1. Infernus Terra Est
2. A World Within Us (Post Human World)
3. The Light Won’t Save You
4. The Heat Of A Dying Sun
5. I’m The Weapon (…But You’re The Killer)
6. The Fall Of All Your Gods
7. The Nihilist Manifest
8. Blood Of Our Enemy
9. The Darkness That Dwells Inside Me
In these dark times we live in, it’s comforting to think about getting in from a hard day’s labours, locking the door and sinking into a nice, comfy sofa to blast away your problems with an album of darkness. Happily, there’s a place where that’s gathering: ‘The Heat Of A Dying Sun’, courtesy of death metallers GATHERING DARKNESS. There’s something more than a little wholesome about ruining one’s eardrums and chasing the pain away by listening to a deliciously dark slab of death metal…
A casual glance at ‘The Heat Of A Dying Sun’ and it’s track titles will tell you all you need to know about the ride you are about to embark upon. From the opening blast of “Infernus Terra Est”, what follows forth is a bleak, furious flurry of death metal carnage. José Lavín “Uruksoth” Cabello sounds positively beastly manning the throat blender; ably capturing the dark, fiery aesthetic the band are aiming for.
It’s exceptionally well-performed, yet doesn’t feel in anyway like the sort of cold, mechanical and highly-processed death metal modern tech bands produce time and time again. There’s a warmth to the album that makes for a far more palatable listen: drums grind and blast away admirably, courtesy of Jesus (yep), whilst the efforts of guitar-slingers David and Abathor are sublime. The solos are face melting (discerning ears should be cast in the direction of “The Light Won’t Save You” and “The Fall Of All Your Gods” for confirmation).

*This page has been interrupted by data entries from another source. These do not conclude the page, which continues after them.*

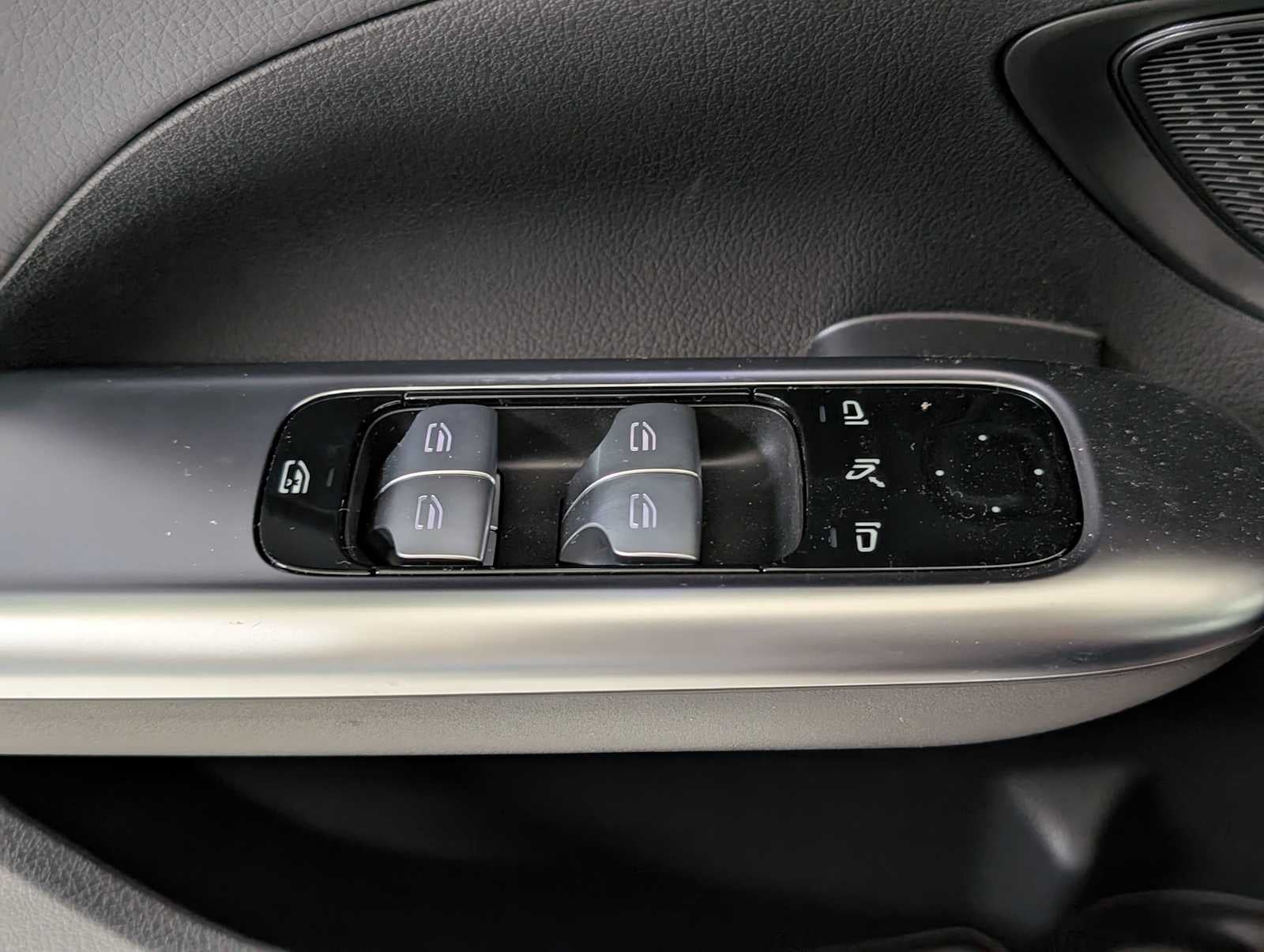 2026 Mercedes-Benz C 300 4MATIC® Sedan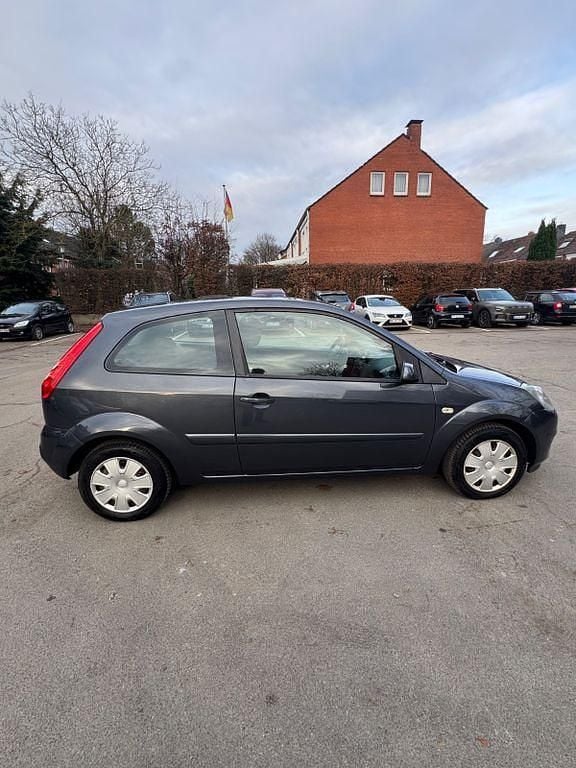 Gebraucht Ford Fiesta 60 PS (44 kW) 2008 Grau Kleinwagen
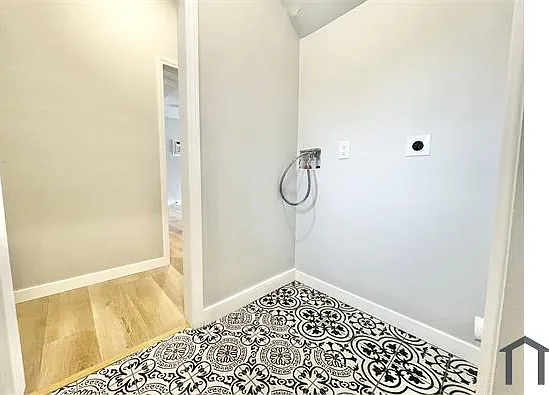 193 W 41st Pl — Photo 8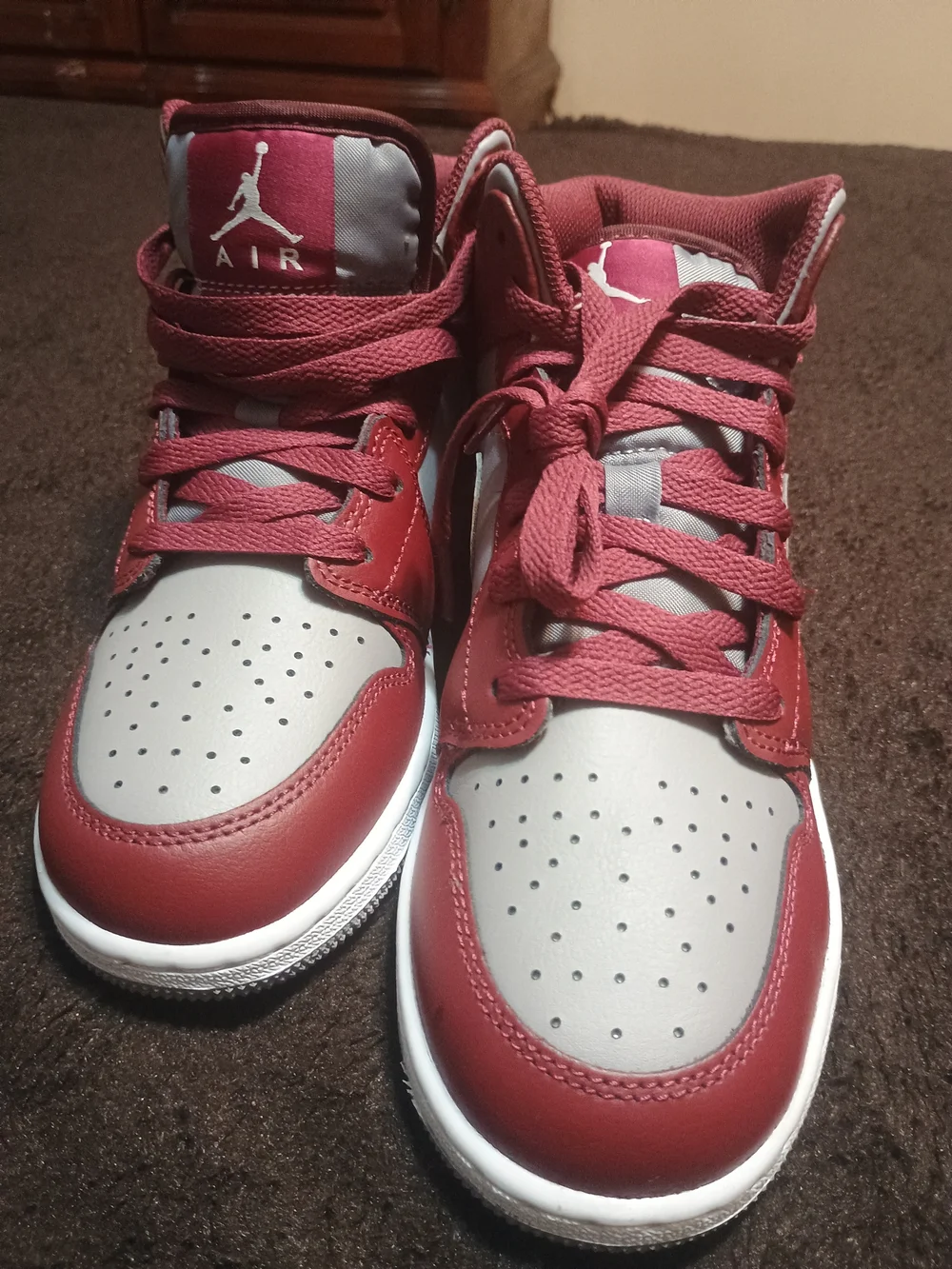 Nike Air Jordan (5Y/7 Women) NWOT BURGUNDY AND GRAY.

Despite this, the hardest hits are at the beginning of the album – ‘The Heat Of A Dying Sun’ is simply unrelenting in its attack. The sad result of that is one becomes numb to the assault, and tracks can begin to blur into a bleak howl into the void. It would almost be beneficial to listen in two parts to fully appreciate the brutality of the album, rather than exhausting oneself with the full slog. Additionally, a touch more bass presence wouldn’t go amiss and would go some way to lessening the fatigue from grinding treble guitars.

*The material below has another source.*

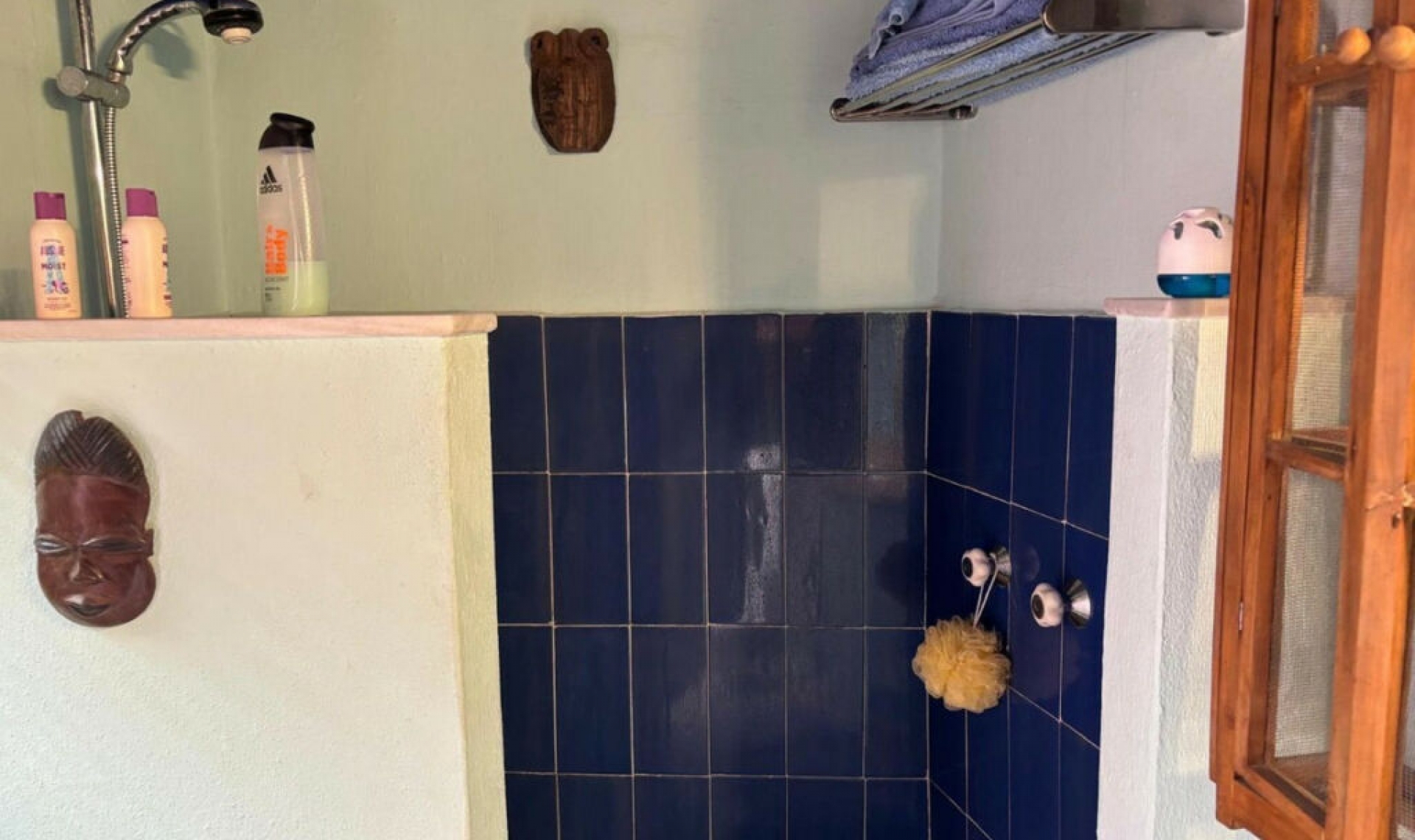 Resale - House -
Estepona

There may be a gathering darkness on our little planet, but there will always be music to get us through. ‘The Heat Of A Dying Sun’ will certainly help to that end, and the performances from GATHERING DARKNESS ensures that the album retains a sense of humanity about it. It may be a touch tiring if listened to in one hit, but the warmth, courtesy of that dying sun, ensures this is a dependable death metal album to get us through the dark times.